Problem. When I work with large datasets (millions of rows) in R, I use the data.table package. Recently, I have had to work with string identifiers (such as "AEREOBCOIRE045451O34") that have low cardinality in the sense of unique(x)/length(x). There is a question of which type is appropriate for storing such identifiers: character or factor?
In this answer, Matt Dowle explains that operations in data.table have been optimized for character. After reading it, my take-away was that I should always use character identifiers. However
- This comment by @MichaelChirico suggests that this reasoning is outdated.
- There can be a significant memory gain in using
factors(about 20% in the reproducible example below).

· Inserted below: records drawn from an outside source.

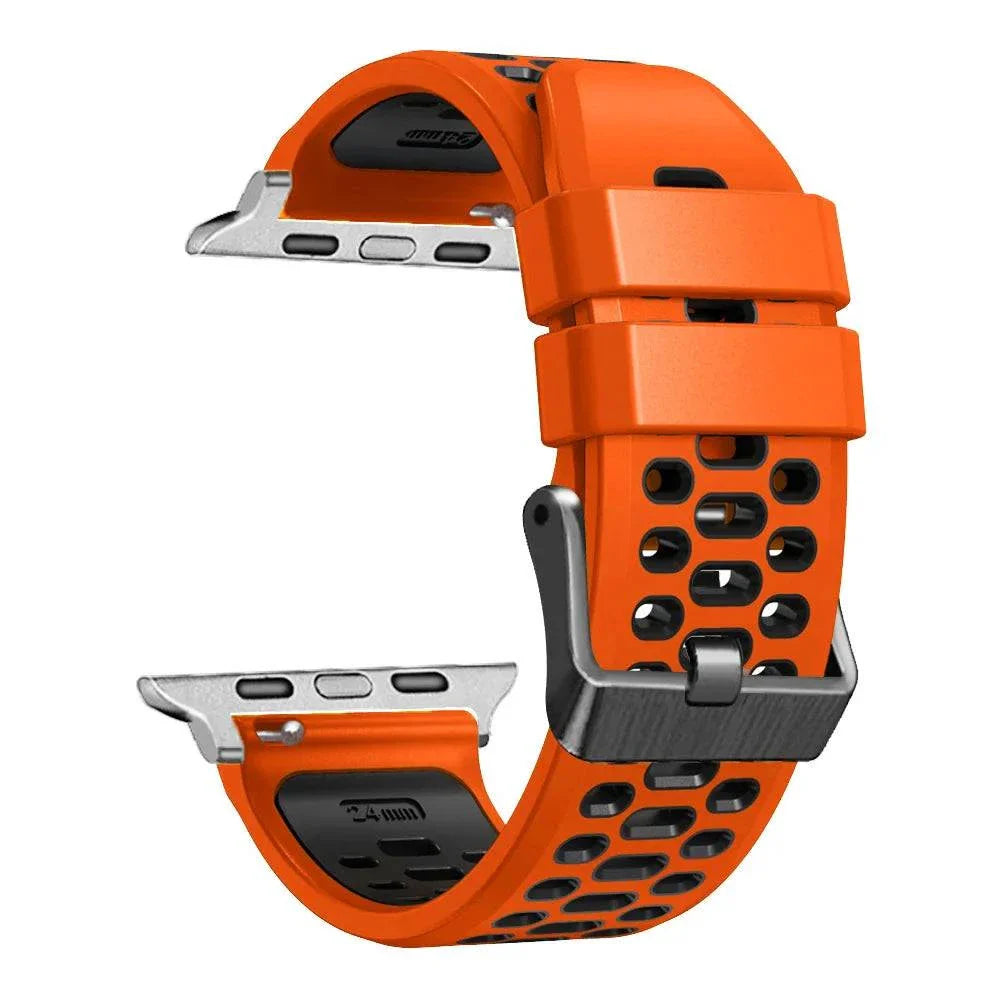 Sport Silicone Watch Band For Apple Watch Ultra 2 49mm And Series 9 8 7 SE 6 - Strap Shack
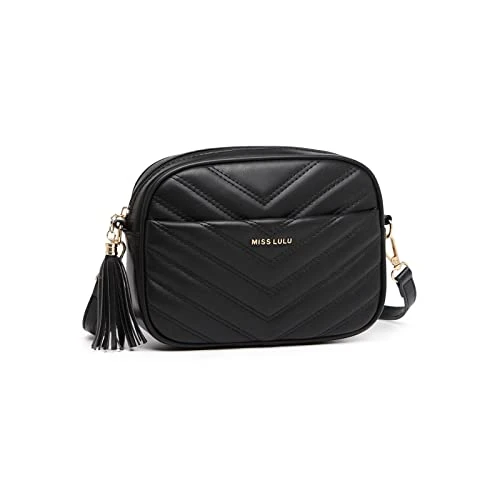 Offerta a tempo: Miss Lulu Borsa Tracolla Donna, Borse Donna Piccola, Borsetta Tracolla Donna Piccola, Borsa a Mano Pelle - 0.00% da 15.29 € a 15.29 €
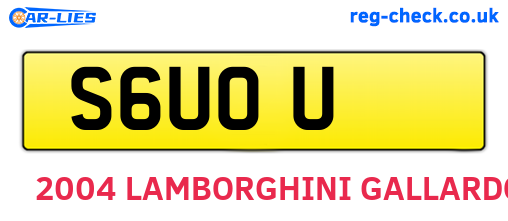 S6UOU are the vehicle registration plates.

Question. Given the reproducible example below, there are significant gains in terms of memory from switching to factor-type identifiers. Is there a trade-off between memory and speed here? Specifically, since Matt Dowle explains that some operations are optimized for characters, what would be the costs of using factors instead?
Additional context. The issue of characters vs. factors has been discussed a lot on Stack Overflow (see for example here (1), here (2) or here (3); there are many others). The advice provided has evolved quite a bit over time, and, as of today, it's not clear from reading previous answers what the best practice is.
Reproducible example for memory usage.
library(data.table)
library(pryr)
set.seed(1234)
N <- 1e7
vec_id <- stringi::stri_rand_strings(100, 40)
id_lowcard <- sample(vec_id, size = N, replace = TRUE)
v1 <- runif(N)
v2 <- rnorm(N)
A <- data.table(id_lowcard,
v1,
v2)
B <- data.table(as.factor(id_lowcard),
v1,
v2)
cat("Memory gain: ", round((object_size(A) / object_size(B) - 1) * 100), "%")